Recorded data:
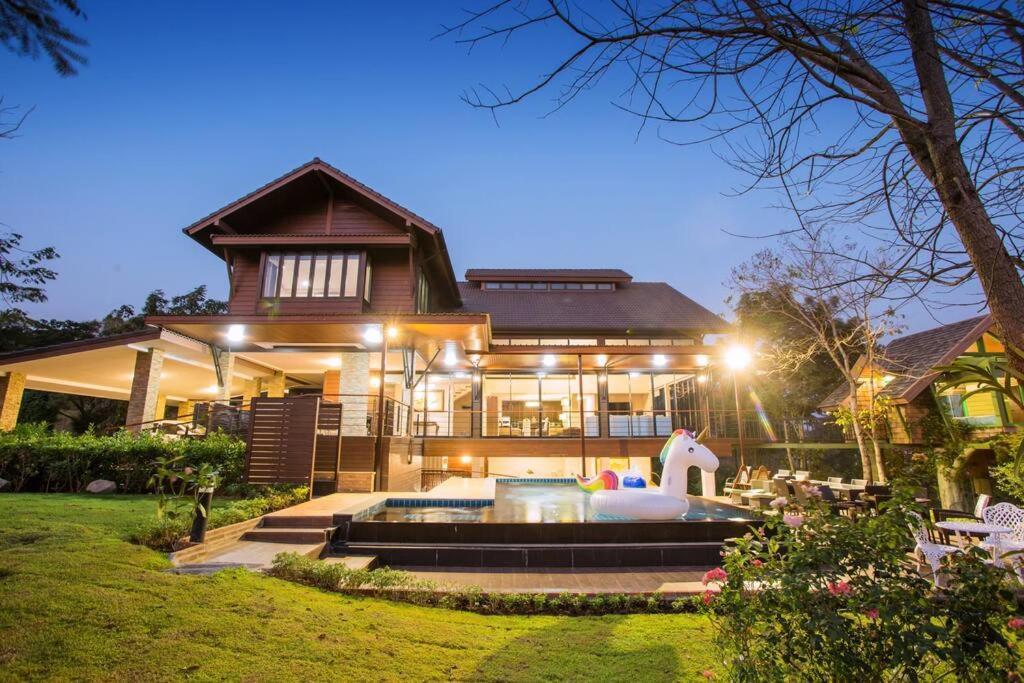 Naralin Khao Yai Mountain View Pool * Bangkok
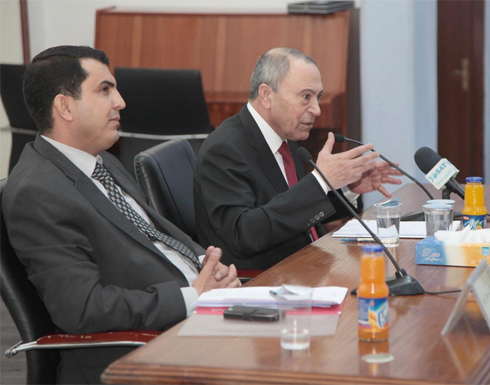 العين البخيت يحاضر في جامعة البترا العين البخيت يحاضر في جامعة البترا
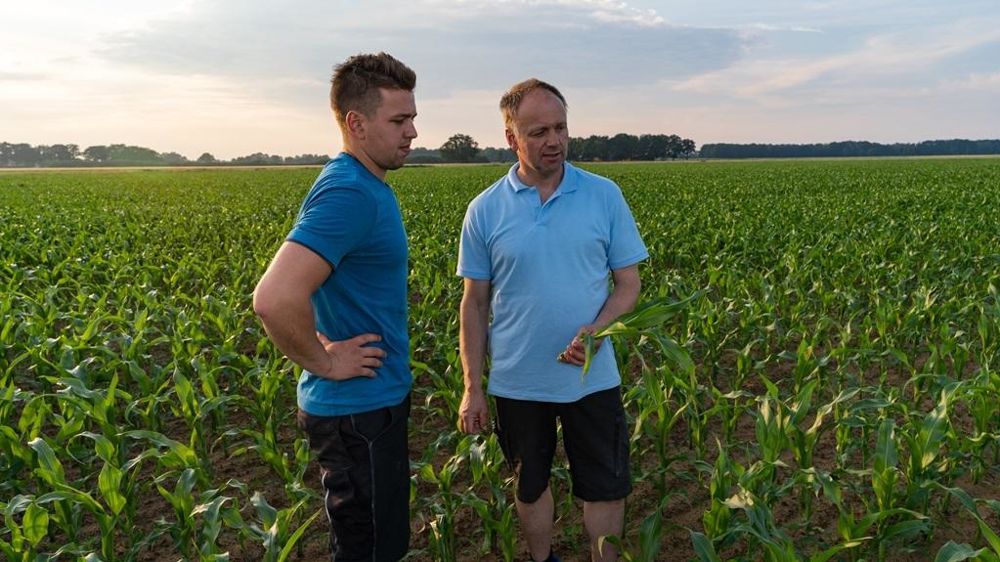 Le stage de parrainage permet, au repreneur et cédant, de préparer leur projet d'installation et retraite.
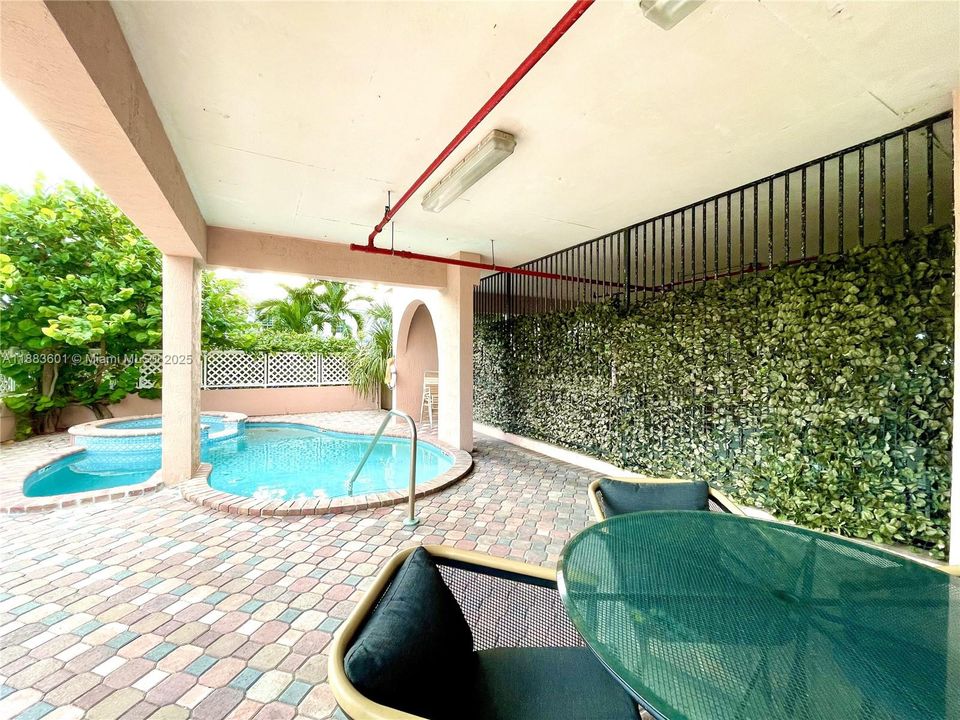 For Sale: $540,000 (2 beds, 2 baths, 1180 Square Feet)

The task: Go through the listing and restate each line word for word, leaving out the pictures.

Solution to this exercise:
 Naralin Khao Yai Mountain View Pool * Bangkok
 العين البخيت يحاضر في جامعة البترا العين البخيت يحاضر في جامعة البترا
 Le stage de parrainage permet, au repreneur et cédant, de préparer leur projet d'installation et retraite.
 For Sale: $540,000 (2 beds, 2 baths, 1180 Square Feet)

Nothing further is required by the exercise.